Near to the village of Dorstone in the Golden Valley of Herefordshire is a wonderfully preserved ancient monument called “Arthur’s Stone“. The monument is on the borderlands of England and Wales, and as the map below shows there is a congregation of settlements and an alignment of sites along the ridges between the rivers Wye and Dore (“of gold”). Before I go on to explain my findings at Arthur’s Stone I want to discuss a little bit about my current concepts of what Arthur is, or who he was.

My current concept of Arthur

This Arthur fellow – he got about a bit, eh? These days I prefer the interpretation I read recently that “Arthur” is a title adopted or given to many kings, several of whom may have contributed to the myth and legend, the story and history surrounding the King Arthur that we have been remnanted. I like Paul Broadhurst’s idea that the Arthur figure was associated with the fixed constellation of the Great Bear, the guardian of the Pole Star. In my own additional interpretation, Arthur is aligned with and gets energy from the Great Bear’s stars. In particular I think this is the asterism of The Plough, or The Big Dipper as it is also known.
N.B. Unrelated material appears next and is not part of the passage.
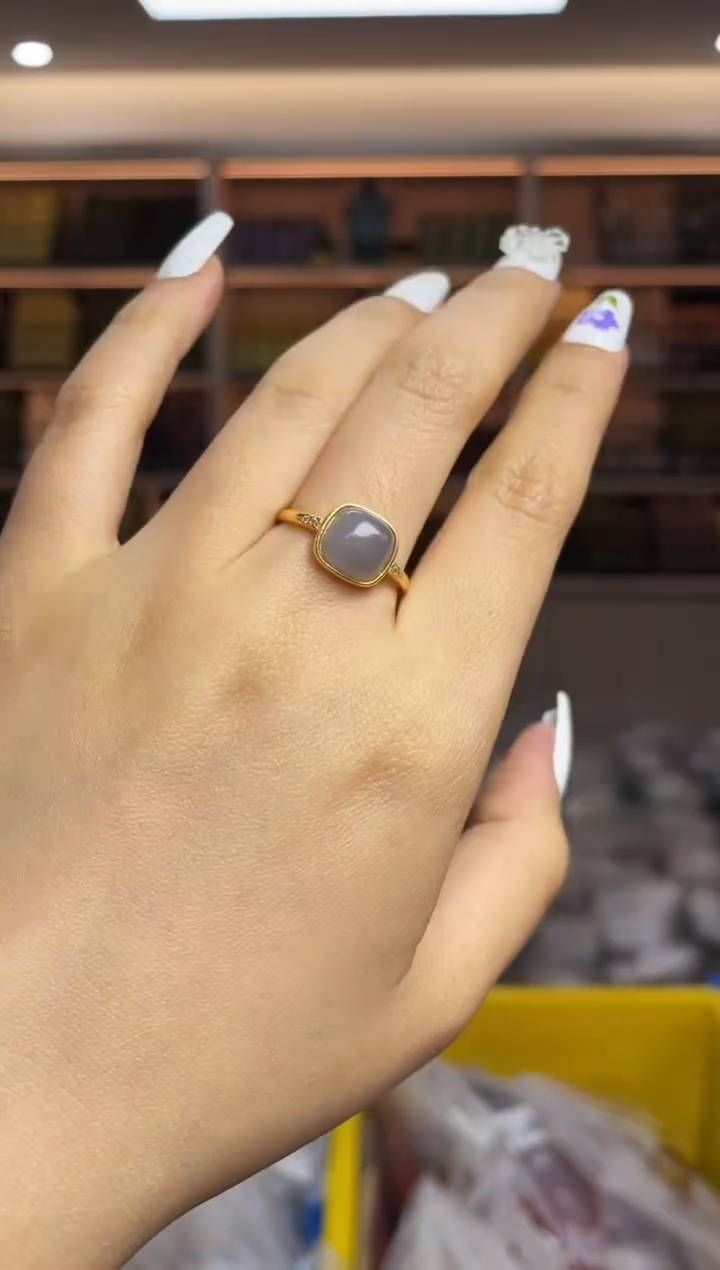 【闪购商品】和田玉·未镶嵌多样性发一件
Plan of the sites surrounding Dorstone

My wife, M, entered the site straight away and went to sit on a small man-sized mound next to the monument. There she settled in for what she expected would be a long dowse. I wasn’t about to go against expectations. I got my dowsing rods out and began to explore, but first I had to find an entrance suitable for me and my energy at that time. I entered the site after asking silently for permission from the spirit of the site. I would be allowed in today – no pushing away or dive-bombing birds, or claps of thunder or anything like that.

As I entered the gate in the fence surrounding the monument I saw two other couples reading the information board provided by English Heritage. I turned my attention away from them, not wanting to overhear anything they might say about the site. I would stay out of earshot until they got bored and wandered away, as most people do at these places after ten minutes. I began by asking to be shown a ritual path that I could follow that would lead me to a power centre that was most suitable for me. I was taken from where I stood in a path that snaked in front of the “false entrance” stone, and then wound its way into the monument from the right-hand side of the covering front stone (seen slanting in the picture below). My path ended in the shadows at the back of the chamber on the left-hand side. I repeated the exercise from three other locations chosen at random and soon I was walking the same snaking path to the front of the dolmen, and then into the right-hand side of the chamber and to the back left corner again and again. By the fourth time I was realising this was a pretty certain dowsing result.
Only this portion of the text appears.